The first mill, a grist mill, was built on Mill Creek where the Armoury now stands.
Photo of Dumfries Mill (Photograph courtesy of the Cambridge Archives)
Mill Creek was a better source for water power than the shallow Grand River which also had an inconvenient tendency to flood. Attempts were made to use the Grand River to avoid the swampy and difficult roads to get the farmers’ goods to market, but it was too shallow.
View of Jackson Park (Soper Park) Galt showing the bridge over Mill Creek c1909. (Photo courtesy of the Cambridge Archives)
Still, navigable is all in the eye of the beholder. When the 1837 bridge over Mill Creek along the old road to Dundas was reconstructed in 2004, repairs were stalled while the approval of the Canadian Coast Guard was sought: apparently Mill Creek is considered a navigable waterway in some circles. You can follow the once prominent but now elusive Mill Creek with help from the Cambridge Galleries.

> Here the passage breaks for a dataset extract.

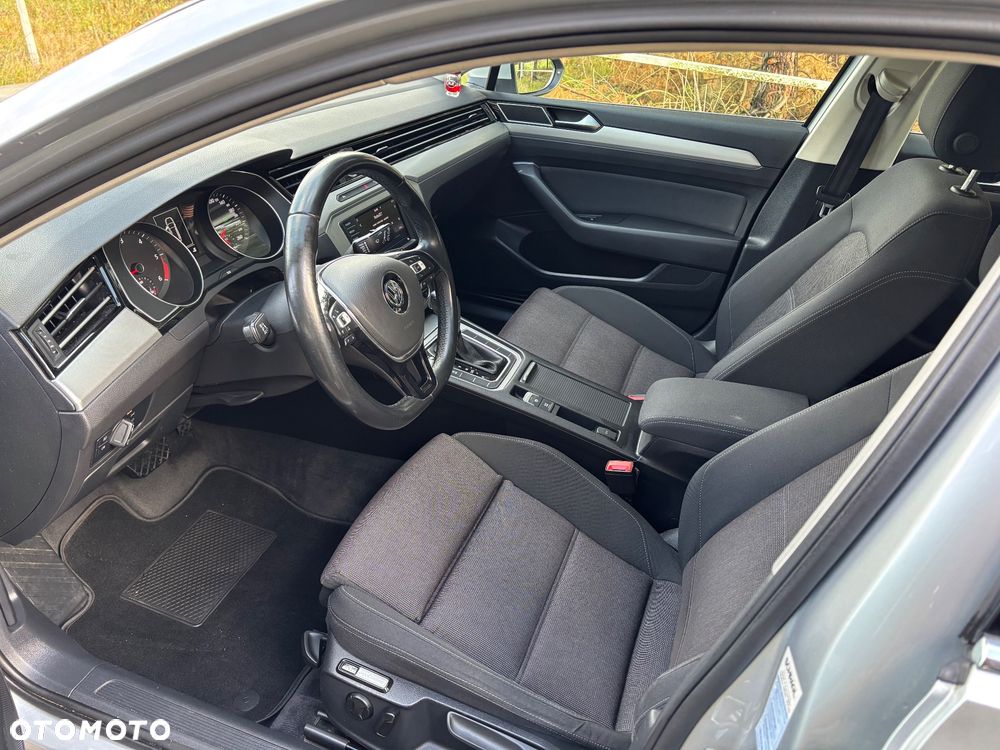 Volkswagen Passat 2.0 TDI SCR Highline DSG - 9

As pioneers settled along the river, bridges, stores, schools, churches, a market, a library, an opera house and a town hall were built.

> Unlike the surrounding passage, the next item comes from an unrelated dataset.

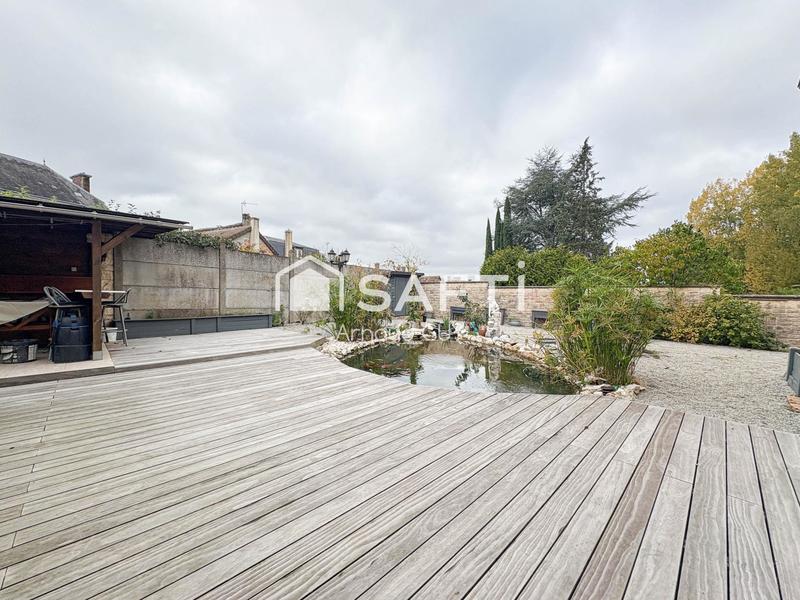 Maison - 230 m² - 8 pièces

Laying the cornerstone for the Town Hall, Galt, May 13, 1857. (Photo courtesy of the Cambridge Archives)
More mills sprang up as the town became more industrialized: in 1842 the first foundry was established and textile production on an industrial scale began a year later. Tracks for steam trains and electric railway lines were opened. Because of its numerous factories, Galt became known as the “Manchester of Canada” and in 1915 it had a large enough population to qualify as a city.
Galt Cityhood demonstration June 1, 1915, showing a parade of automobiles at Main Street and Water Street. (Photo courtesy of the Cambridge Archives)
But Galt was not the only place that was growing: all of Ontario was expanding, and in the 1960s the provincial government began to look at ways that local government could be more effective. Dr. Stewart Fyfe’s report was released in 1970, recommending that the County of Waterloo be replaced by the Regional Municipality of Waterloo and that the City of Galt be amalgamated into a larger city to include the towns of Preston and Hespeler. So much discussion about the name of the new city ensued that the provincial government stepped in and decreed that the names of the original towns would not be allowed on the ballot. Galt Council proposed the name “Blair” as its preferred choice, but the name “Cambridge,” taken from the early Cambridge Mills in Preston, was the winner.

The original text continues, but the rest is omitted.